Last man in the university: it’s 13 o’clock on campus

Control, surveillance and thought manipulation: there is an undercurrent of 1984 in today’s academy, doublethinks Eric Blair

四月 7, 2016
Daniel Mitchell illustration (7 April 2016)
Source: Daniel Mitchell

It was a warm August day and the clocks were striking thirteen. Dr Winston Smith, sitting hunched over his telescreen, was instantly alert. An electronic ping had announced the arrival of a new email.

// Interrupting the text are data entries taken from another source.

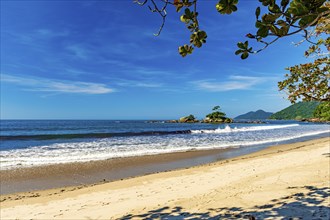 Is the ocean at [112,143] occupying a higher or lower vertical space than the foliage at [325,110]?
lower

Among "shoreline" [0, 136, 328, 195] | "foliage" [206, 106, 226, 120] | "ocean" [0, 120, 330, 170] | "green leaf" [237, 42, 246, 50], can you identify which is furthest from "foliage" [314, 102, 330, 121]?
"foliage" [206, 106, 226, 120]

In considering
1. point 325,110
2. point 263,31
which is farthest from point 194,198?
point 325,110

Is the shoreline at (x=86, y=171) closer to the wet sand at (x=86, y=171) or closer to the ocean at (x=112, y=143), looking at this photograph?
the wet sand at (x=86, y=171)

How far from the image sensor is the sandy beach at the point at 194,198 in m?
5.91

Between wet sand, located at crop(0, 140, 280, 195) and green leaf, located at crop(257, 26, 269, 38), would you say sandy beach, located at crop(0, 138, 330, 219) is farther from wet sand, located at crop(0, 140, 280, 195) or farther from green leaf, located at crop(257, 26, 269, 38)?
green leaf, located at crop(257, 26, 269, 38)

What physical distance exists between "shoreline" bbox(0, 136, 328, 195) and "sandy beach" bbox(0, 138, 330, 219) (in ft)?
3.13

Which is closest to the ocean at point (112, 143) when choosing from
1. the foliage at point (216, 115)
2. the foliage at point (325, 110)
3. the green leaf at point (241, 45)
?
the foliage at point (325, 110)

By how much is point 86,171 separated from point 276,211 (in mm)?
9429

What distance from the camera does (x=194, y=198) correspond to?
7.23 m

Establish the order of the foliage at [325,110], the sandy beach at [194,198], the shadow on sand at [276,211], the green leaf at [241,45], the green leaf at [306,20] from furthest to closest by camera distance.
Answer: the foliage at [325,110] < the sandy beach at [194,198] < the shadow on sand at [276,211] < the green leaf at [241,45] < the green leaf at [306,20]

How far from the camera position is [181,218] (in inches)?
225

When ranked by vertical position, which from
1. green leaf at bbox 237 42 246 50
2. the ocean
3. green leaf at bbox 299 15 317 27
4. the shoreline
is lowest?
the shoreline

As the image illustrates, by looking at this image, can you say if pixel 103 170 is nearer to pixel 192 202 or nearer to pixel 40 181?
pixel 40 181

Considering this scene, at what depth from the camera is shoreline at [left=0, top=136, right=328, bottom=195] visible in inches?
400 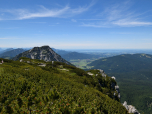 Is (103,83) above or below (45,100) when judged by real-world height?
below

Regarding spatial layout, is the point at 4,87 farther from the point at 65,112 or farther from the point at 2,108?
the point at 65,112

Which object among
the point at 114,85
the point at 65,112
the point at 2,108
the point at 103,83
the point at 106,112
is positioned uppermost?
the point at 2,108

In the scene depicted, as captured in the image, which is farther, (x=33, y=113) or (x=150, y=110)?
(x=150, y=110)

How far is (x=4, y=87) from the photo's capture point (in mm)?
12000

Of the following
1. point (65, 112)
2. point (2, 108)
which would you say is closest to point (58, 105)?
point (65, 112)

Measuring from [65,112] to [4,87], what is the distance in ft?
30.2

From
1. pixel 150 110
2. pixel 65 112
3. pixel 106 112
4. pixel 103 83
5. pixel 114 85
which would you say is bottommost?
pixel 150 110

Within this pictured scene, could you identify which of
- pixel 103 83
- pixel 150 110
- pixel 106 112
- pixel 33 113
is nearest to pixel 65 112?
pixel 33 113

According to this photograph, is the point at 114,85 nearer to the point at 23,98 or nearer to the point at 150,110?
the point at 23,98

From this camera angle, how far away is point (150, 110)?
192625 mm

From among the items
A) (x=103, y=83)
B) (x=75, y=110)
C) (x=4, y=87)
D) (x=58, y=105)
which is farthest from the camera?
(x=103, y=83)

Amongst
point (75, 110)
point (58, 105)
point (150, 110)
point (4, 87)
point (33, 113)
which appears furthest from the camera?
point (150, 110)

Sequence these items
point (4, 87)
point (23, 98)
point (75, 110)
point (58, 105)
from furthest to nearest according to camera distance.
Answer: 1. point (4, 87)
2. point (23, 98)
3. point (58, 105)
4. point (75, 110)

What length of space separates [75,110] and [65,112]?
1.00 m
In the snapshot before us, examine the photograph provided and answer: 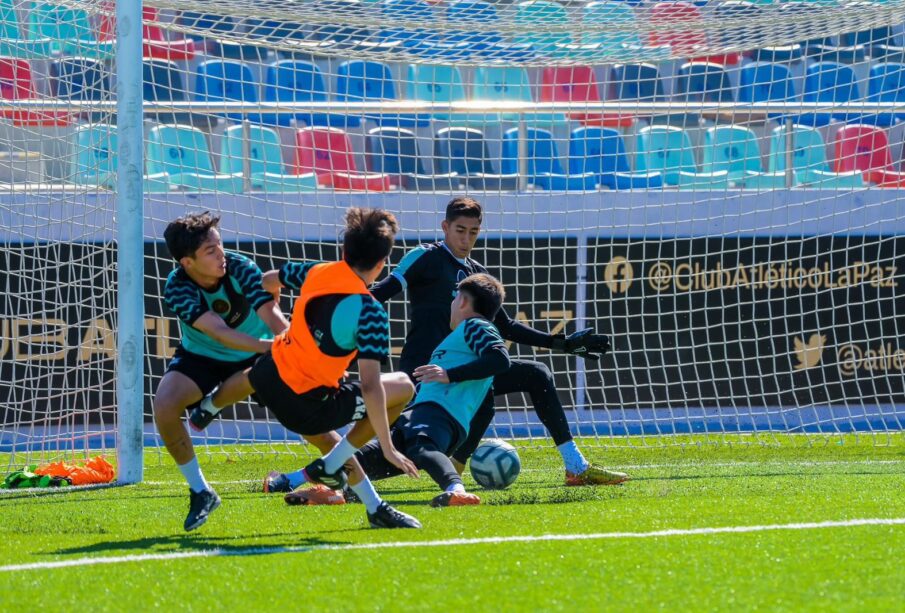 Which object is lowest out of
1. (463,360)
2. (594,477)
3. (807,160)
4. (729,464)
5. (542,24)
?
(729,464)

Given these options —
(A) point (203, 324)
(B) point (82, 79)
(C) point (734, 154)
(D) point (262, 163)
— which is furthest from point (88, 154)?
(C) point (734, 154)

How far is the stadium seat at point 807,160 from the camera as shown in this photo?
11.4 m

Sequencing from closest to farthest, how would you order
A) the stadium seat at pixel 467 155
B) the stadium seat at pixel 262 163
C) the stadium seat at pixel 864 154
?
1. the stadium seat at pixel 262 163
2. the stadium seat at pixel 467 155
3. the stadium seat at pixel 864 154

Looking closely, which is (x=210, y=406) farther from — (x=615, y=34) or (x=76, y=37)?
(x=615, y=34)

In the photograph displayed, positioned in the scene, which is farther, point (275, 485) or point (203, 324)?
point (275, 485)

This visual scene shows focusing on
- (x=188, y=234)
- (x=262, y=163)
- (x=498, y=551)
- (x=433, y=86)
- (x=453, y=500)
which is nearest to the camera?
(x=498, y=551)

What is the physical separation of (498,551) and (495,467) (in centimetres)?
186

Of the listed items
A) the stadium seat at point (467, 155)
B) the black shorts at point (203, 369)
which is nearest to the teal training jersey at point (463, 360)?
the black shorts at point (203, 369)

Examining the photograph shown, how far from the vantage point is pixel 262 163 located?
36.5 ft

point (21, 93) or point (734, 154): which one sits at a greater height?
point (21, 93)

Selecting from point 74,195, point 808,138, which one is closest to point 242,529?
point 74,195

Winston had been immersed in his research, or “REFprep”, as it was termed in university Newspeak. As a member of the Outer University, this was one of his two key tasks, the other being teaching, or “TEFprep”. Those in the Inner University focused on the more important tasks of “strategy”, “executive decisions”, “mission statements” and “quality assessment”. Perhaps the email contained an important communication from the Inner University?

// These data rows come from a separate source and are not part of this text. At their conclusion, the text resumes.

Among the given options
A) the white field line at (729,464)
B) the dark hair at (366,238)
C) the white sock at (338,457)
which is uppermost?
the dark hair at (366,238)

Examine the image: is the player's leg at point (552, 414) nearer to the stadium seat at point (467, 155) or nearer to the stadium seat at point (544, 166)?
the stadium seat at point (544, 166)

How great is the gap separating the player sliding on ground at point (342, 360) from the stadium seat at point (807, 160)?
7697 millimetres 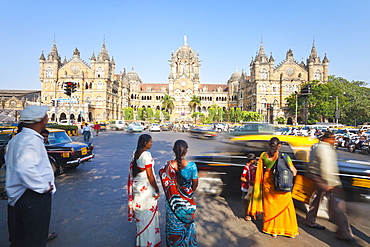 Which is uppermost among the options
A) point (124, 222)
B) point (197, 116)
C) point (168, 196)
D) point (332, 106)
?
point (332, 106)

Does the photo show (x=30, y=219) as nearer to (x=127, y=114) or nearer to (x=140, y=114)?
(x=127, y=114)

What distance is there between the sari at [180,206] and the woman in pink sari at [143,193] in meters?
0.32

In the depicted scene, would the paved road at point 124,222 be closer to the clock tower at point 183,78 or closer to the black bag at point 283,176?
the black bag at point 283,176

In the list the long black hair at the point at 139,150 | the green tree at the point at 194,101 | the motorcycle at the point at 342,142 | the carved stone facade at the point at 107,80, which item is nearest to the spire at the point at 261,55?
the carved stone facade at the point at 107,80

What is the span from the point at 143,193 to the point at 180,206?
637mm

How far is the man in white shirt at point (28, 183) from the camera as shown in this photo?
2.32 metres

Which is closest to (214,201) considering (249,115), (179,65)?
(249,115)

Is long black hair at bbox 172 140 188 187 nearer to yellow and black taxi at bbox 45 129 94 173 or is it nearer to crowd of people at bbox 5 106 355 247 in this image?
crowd of people at bbox 5 106 355 247

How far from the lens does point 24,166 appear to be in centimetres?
229

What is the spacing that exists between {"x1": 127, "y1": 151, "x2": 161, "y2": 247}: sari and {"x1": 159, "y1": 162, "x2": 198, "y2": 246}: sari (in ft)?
1.20

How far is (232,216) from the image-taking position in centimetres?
475

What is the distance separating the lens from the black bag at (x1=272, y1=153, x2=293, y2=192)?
365cm

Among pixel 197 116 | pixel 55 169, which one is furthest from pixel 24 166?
pixel 197 116

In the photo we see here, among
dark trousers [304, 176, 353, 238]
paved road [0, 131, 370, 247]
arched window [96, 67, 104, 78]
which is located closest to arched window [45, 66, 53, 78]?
arched window [96, 67, 104, 78] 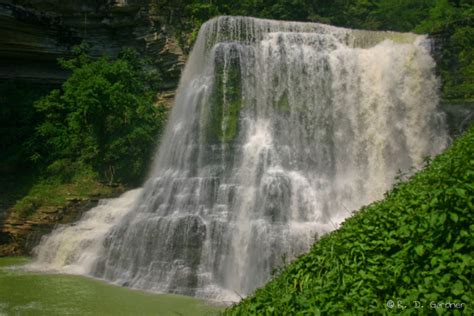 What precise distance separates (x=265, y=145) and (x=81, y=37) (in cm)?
1243

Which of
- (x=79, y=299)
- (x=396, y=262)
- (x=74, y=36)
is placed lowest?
(x=79, y=299)

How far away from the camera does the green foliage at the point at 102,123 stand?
2052 centimetres

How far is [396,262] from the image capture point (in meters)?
4.38

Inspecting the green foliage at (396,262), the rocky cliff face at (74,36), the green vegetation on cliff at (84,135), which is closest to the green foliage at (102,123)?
the green vegetation on cliff at (84,135)

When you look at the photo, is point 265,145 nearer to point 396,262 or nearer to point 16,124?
point 396,262

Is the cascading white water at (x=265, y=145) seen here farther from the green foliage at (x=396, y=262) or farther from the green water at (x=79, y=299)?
the green foliage at (x=396, y=262)

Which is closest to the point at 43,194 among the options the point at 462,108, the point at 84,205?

The title at first seemed unpromising. A faint smile flickered across Winston’s face. A few months earlier he had realised that important communications from the Inner University no longer came via the old route of discussion at departmental meetings, but through emails with innocuous titles. Indeed, the more banal the email header, the more important the communication. Probably this was one way the Inner University checked that Outer University staff stayed alert. As he looked more closely at the title, “FW: event booking system: training for supervisors”, Winston’s smile broadened (but not too broadly, as that might be reported to Big Brother as a “facecrime”).

Nervously, Winston opened the email. The message was stark: henceforth all interactions between supervisors and doctoral students (even phone calls and email interactions) required “booking an event”. In typical university Newspeak, the email warned that “this system *MUST* be used for recording PGR student attendance and engagement wef October 2018”.

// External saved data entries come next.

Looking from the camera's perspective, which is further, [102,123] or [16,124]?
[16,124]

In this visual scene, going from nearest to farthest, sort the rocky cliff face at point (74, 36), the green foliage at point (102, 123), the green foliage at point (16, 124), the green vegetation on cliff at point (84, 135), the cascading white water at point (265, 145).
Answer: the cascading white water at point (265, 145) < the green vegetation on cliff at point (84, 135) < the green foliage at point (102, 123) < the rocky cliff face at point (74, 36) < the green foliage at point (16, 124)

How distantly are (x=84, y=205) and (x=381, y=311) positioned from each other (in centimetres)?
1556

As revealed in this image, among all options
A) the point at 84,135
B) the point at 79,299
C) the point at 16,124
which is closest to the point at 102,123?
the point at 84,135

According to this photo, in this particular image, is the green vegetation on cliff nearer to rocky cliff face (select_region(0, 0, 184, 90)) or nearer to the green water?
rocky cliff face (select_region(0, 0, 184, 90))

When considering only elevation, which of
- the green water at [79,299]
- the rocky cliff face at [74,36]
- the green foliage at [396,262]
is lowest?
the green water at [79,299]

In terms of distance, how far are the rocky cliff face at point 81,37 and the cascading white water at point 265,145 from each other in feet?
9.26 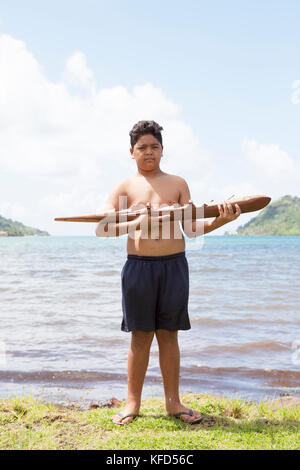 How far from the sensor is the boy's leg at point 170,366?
342cm

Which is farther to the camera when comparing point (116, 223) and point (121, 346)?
point (121, 346)

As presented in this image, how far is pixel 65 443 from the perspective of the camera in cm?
293

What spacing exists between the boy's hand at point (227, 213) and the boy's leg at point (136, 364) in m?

Winston sat stunned and confused for several minutes. For years, he had seen doctoral supervisions in terms of detailed discussions with students about a draft chapter they had written or literature they had read. Then suddenly, in one of those moments of penetrating insight, of total crystal clarity that occur only once or twice in one’s academic career, Winston realised that what mattered most regarding doctoral supervision was indeed “booking an event”. He marvelled at the soaring intellect of the Inner University official who had recognised this. Was it the pro vice-chancellor for truth? Or perhaps the PVC for love?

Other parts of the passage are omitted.